## Task details
From the data below, repeat everything exactly except the images.

## Available data
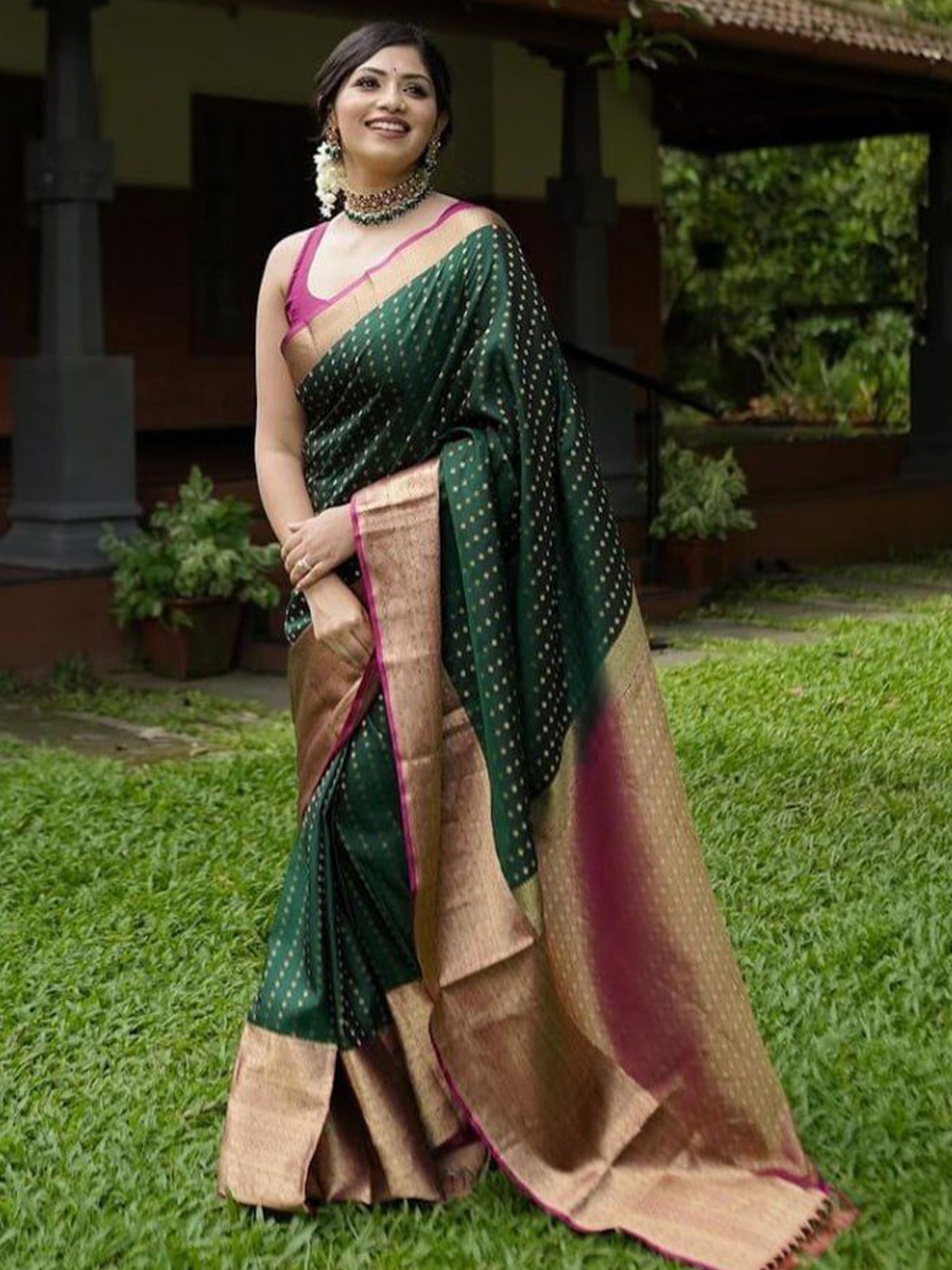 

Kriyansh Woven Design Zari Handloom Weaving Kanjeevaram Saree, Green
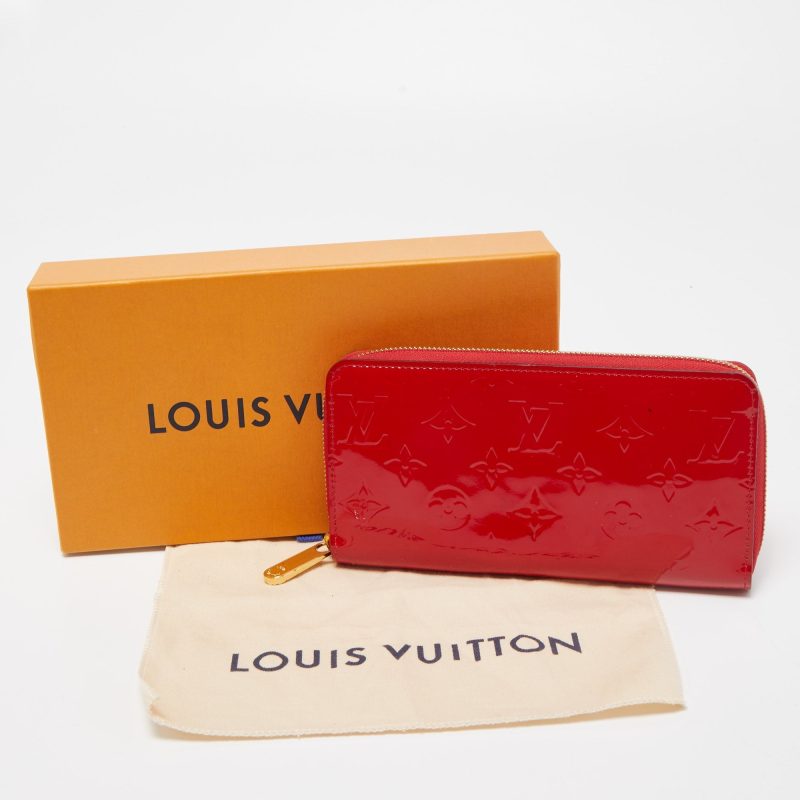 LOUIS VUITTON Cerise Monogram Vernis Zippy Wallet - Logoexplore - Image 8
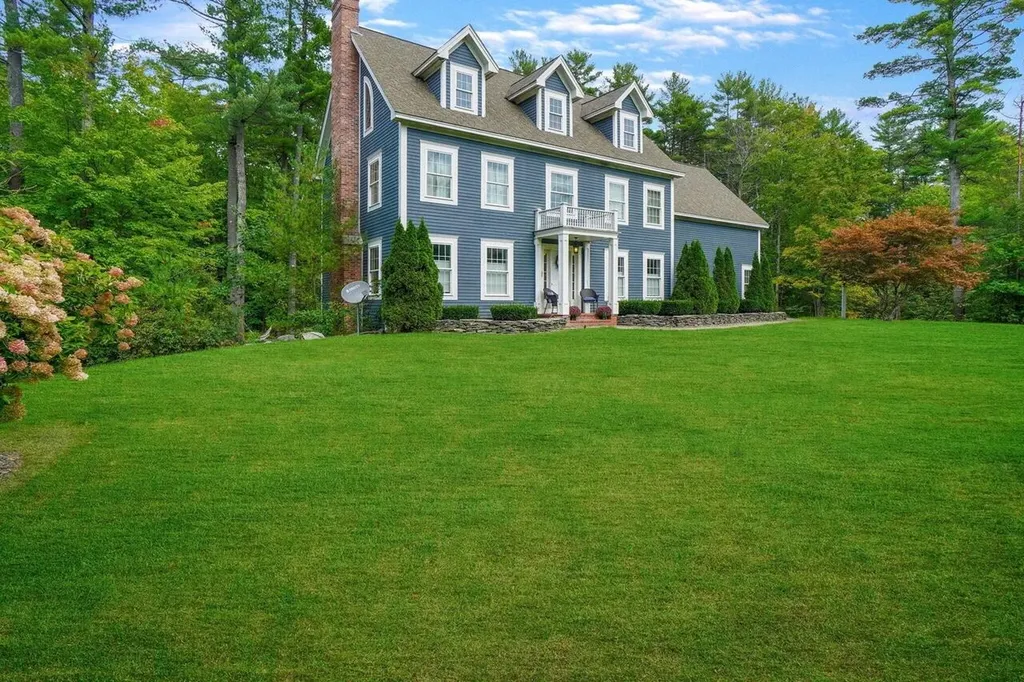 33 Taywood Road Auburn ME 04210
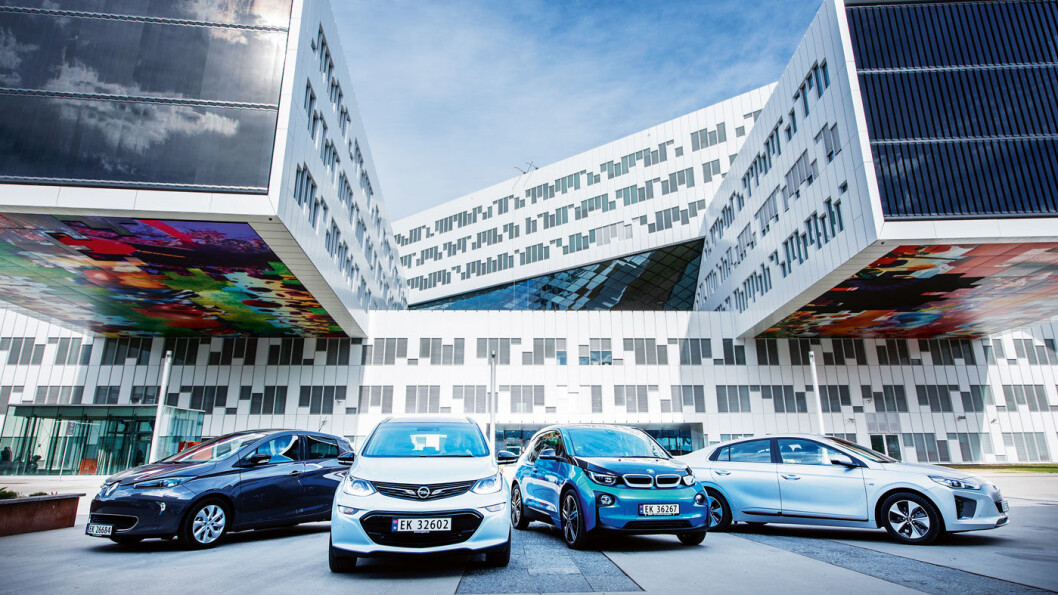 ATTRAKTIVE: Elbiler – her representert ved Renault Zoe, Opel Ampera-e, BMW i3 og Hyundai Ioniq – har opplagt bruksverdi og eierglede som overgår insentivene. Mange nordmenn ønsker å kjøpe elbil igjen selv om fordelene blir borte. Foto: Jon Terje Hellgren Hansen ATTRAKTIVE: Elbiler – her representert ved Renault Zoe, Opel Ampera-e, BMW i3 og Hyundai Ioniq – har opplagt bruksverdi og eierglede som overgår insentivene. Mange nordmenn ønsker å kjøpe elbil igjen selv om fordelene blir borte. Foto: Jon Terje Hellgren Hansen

## Task response
Kriyansh Woven Design Zari Handloom Weaving Kanjeevaram Saree, Green
 LOUIS VUITTON Cerise Monogram Vernis Zippy Wallet - Logoexplore - Image 8
 33 Taywood Road Auburn ME 04210
 ATTRAKTIVE: Elbiler – her representert ved Renault Zoe, Opel Ampera-e, BMW i3 og Hyundai Ioniq – har opplagt bruksverdi og eierglede som overgår insentivene. Mange nordmenn ønsker å kjøpe elbil igjen selv om fordelene blir borte. Foto: Jon Terje Hellgren Hansen ATTRAKTIVE: Elbiler – her representert ved Renault Zoe, Opel Ampera-e, BMW i3 og Hyundai Ioniq – har opplagt bruksverdi og eierglede som overgår insentivene. Mange nordmenn ønsker å kjøpe elbil igjen selv om fordelene blir borte. Foto: Jon Terje Hellgren Hansen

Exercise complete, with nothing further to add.